Like her, many other members of the Sami community suffered from the discrimination that has taken historically in Sweden. Historian Leonard Lundmark says that Sweden’s, or more properly the Crown’s, early dealings with the Sami are closely linked to the conquest of Norrland in the 14th century when colonisation began in earnest. It was during the 14th and 15th centuries that the Crown began to levy taxes on the Sami.
He also points out that in the 16th century the State’s Sami policy was characterised by an increased interest in the riches of the Lappmark (Samiland). The levy was substantially increased and lists were drawn up of the lakes and land areas that different Sami families used. These areas became known as the Sami tax lands, and in Jämtland and Härjedalen as the tax mountains.
In the 1630s the State “discovered” the first silver deposit in Nasafjäll, northwest of Arjeplog. Lundmark describes how Sami
were forcibly recruited to transport the ore to Piteå since reindeer were indispensable to its transportation. Since the wages paid were not sufficient to live on, the Sami found themselves facing a crisis. Some were forced to turn to begging, others fled to Norway or further north in Sweden.
In 1977 Sweden recognised the Sami as an indigenous people. Under international law, indigenous people have particular rights in addition
to the rights accorded them through their status as a national minority.
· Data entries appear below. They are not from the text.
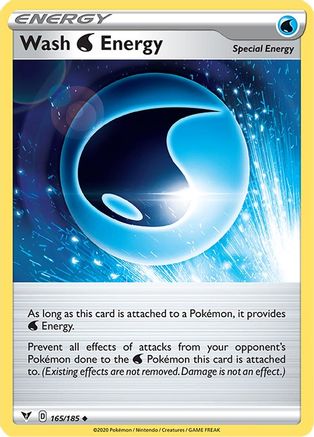 Wash Water Energy (165/185) [SWSH04 Vivid Voltage] Normal - Uncommon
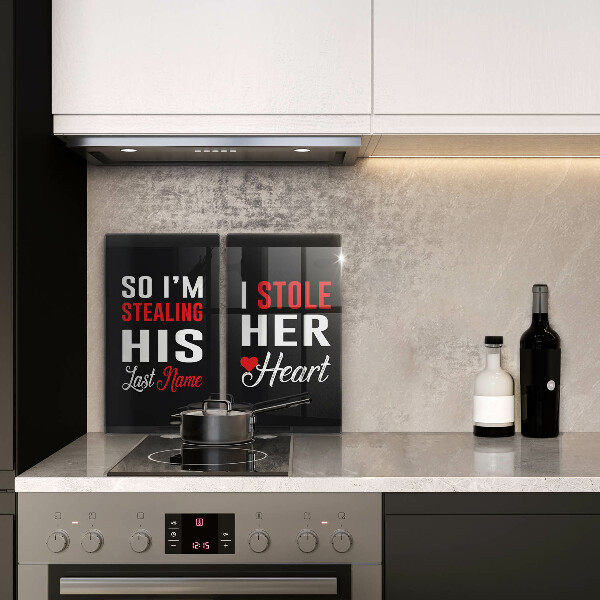 Tagliere in vetro temperato Iscrizione frase modello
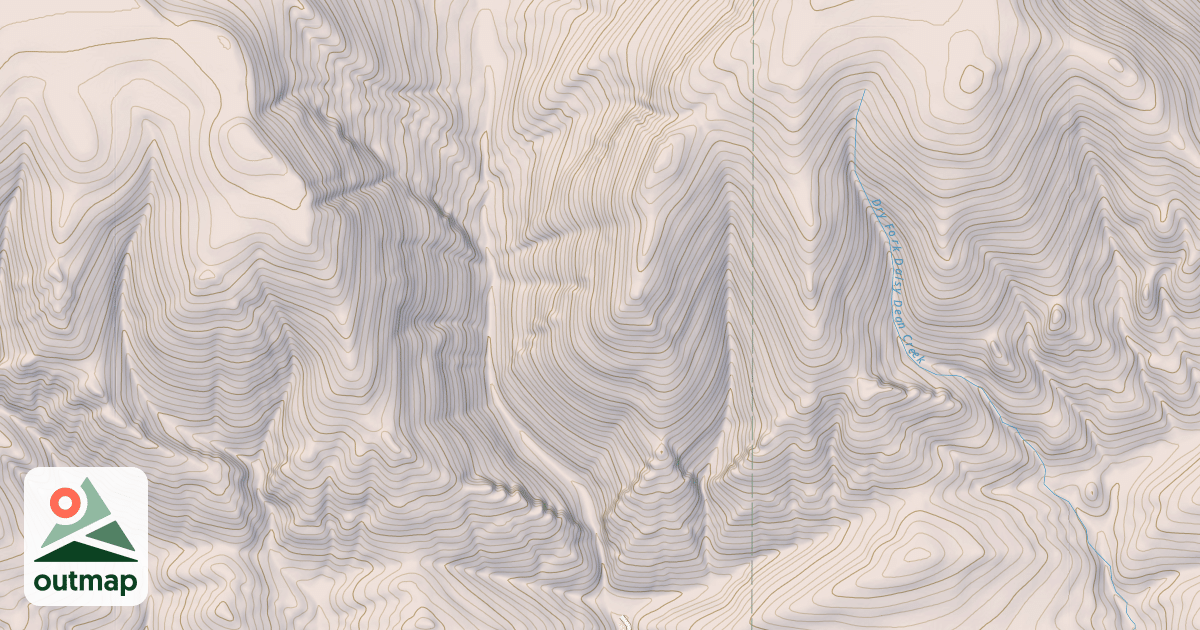 Map of Nevada Creek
In particular this concerns the right to self-determination, as well as land rights to the areas where they have traditionally lived.
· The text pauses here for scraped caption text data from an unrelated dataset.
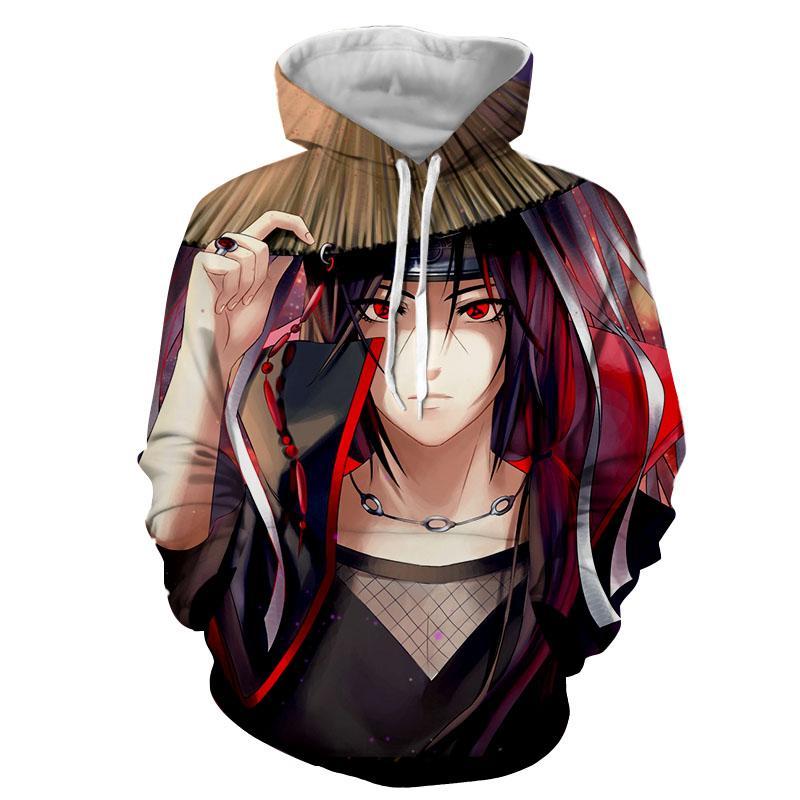 Itachi Uchiha Mangekyou Sharingan 3d Jacket Naruto Hoodie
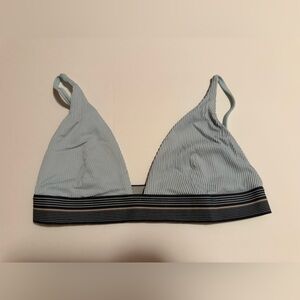 Dolce Vita Blue & Navy Striped Band bathing suit top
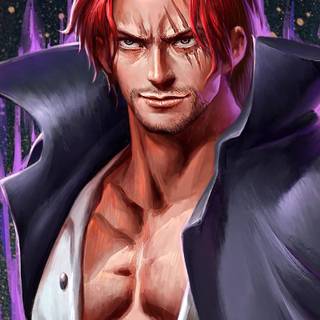 One Piece Shanks phone wallpaper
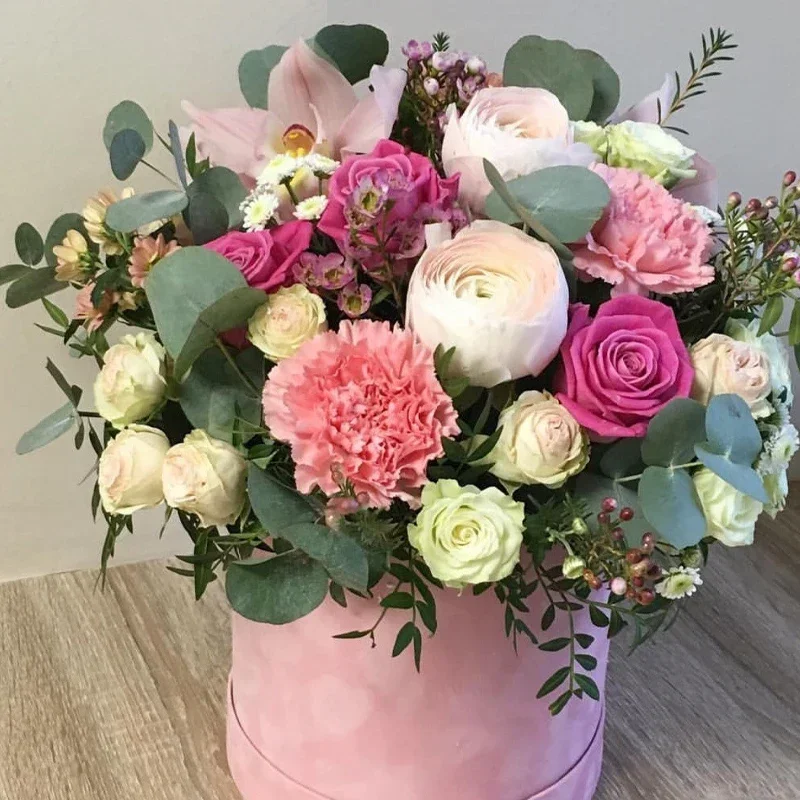 3Pcs/Set Round Shape Velvet Gi - Florist Supply Buckets 리뷰 및 가격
In the latter half of the 17th century the Swedish State began to colonise Sami land more actively. Lundmark describes how the State tried to attract settlers from the south and the coast by introducing a 15-year exemption from taxes. However, because of the wars this tax exemption did not have the desired effect.
During the 18th century the settlers gradually forced the Sami out.
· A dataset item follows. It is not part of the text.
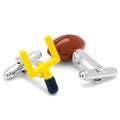 Football Cufflinks – 3D Hand-Painted Goal Post Sports Jewelry for Men Cufflinks - YinzerShop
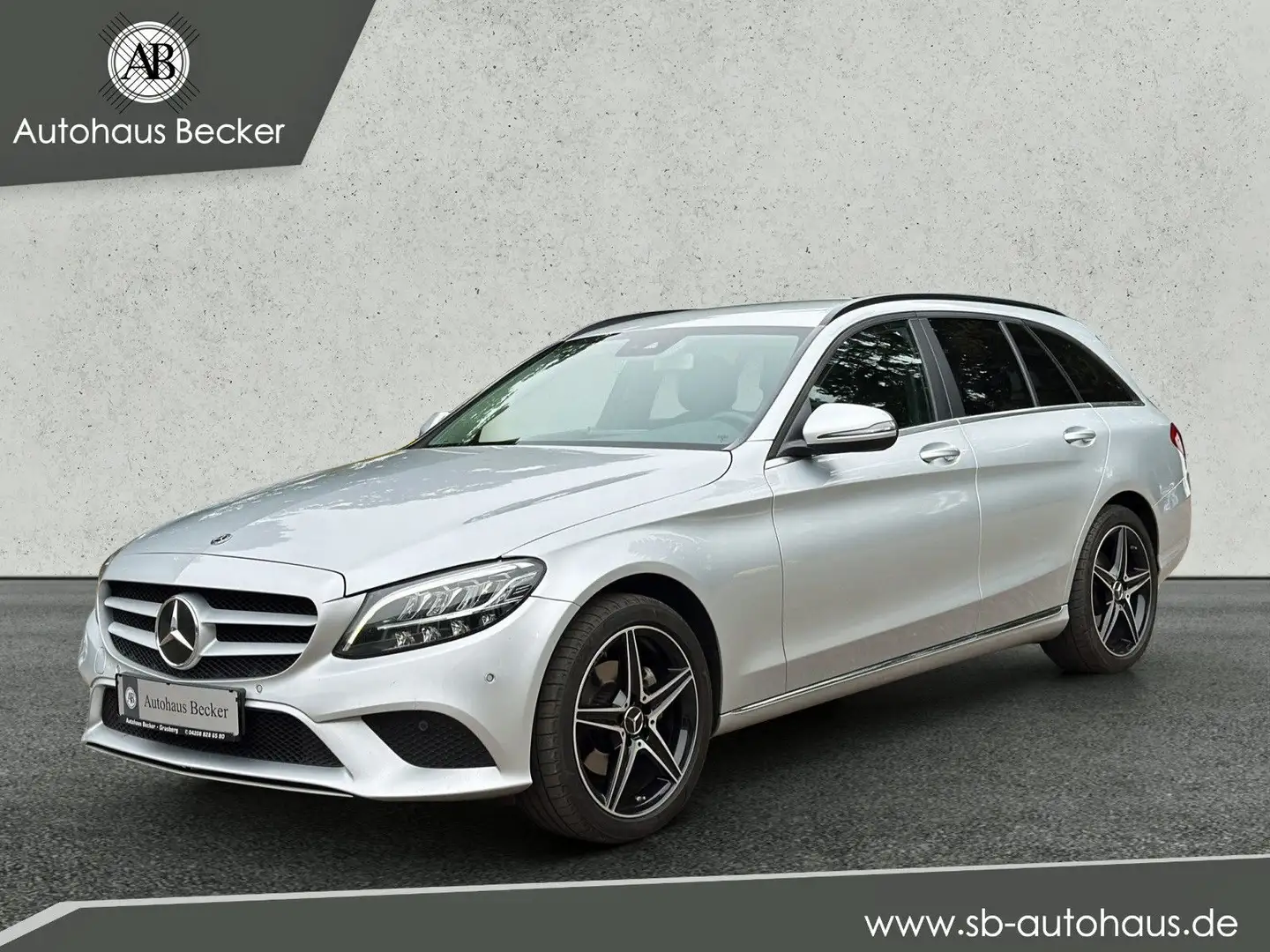 Mercedes-Benz C 220 T d+LED+AHK+NAVI+APPLE CAR+PDC Argent - 1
At this time the State also began to build churches in the Lappmark and so-called ‘Lappmark priests’ were appointed. The priests were an extension of the State in the Lappmark and just like the rest of the population the Sami were obliged to attend church and were summoned to parish catechetical meetings. Religious non-conformity was not tolerated and as the Sami religion was considered heathen, it was forbidden.
According to Lundmark the State’s dealings with the Sami were lucrative since the taxes and trade in animal skins, meat and fish gave the State excellent income. Since the State had understood the economic value of Sami activities, they had been allowed to retain relatively extensive rights to their tax lands and the Sami tax lands despite the colonisation. In the 18th century, as the settlers increased colonisation of the Sami land, other activities such as mining and farming grew in importance to the State. The courts had earlier taken the Sami rights to their tax lands and Sami tax lands into consideration, but now they began to disallow them in favour of the settlers.
Towards the end of the 19th century concessions of this type were no longer being granted and the lands were increasingly seen as State property. According to Lundmark, both the colonisation itself and its effects were extensive, forcing some Sami to switch to farming, others to leave the areas to take up trading or become beggars.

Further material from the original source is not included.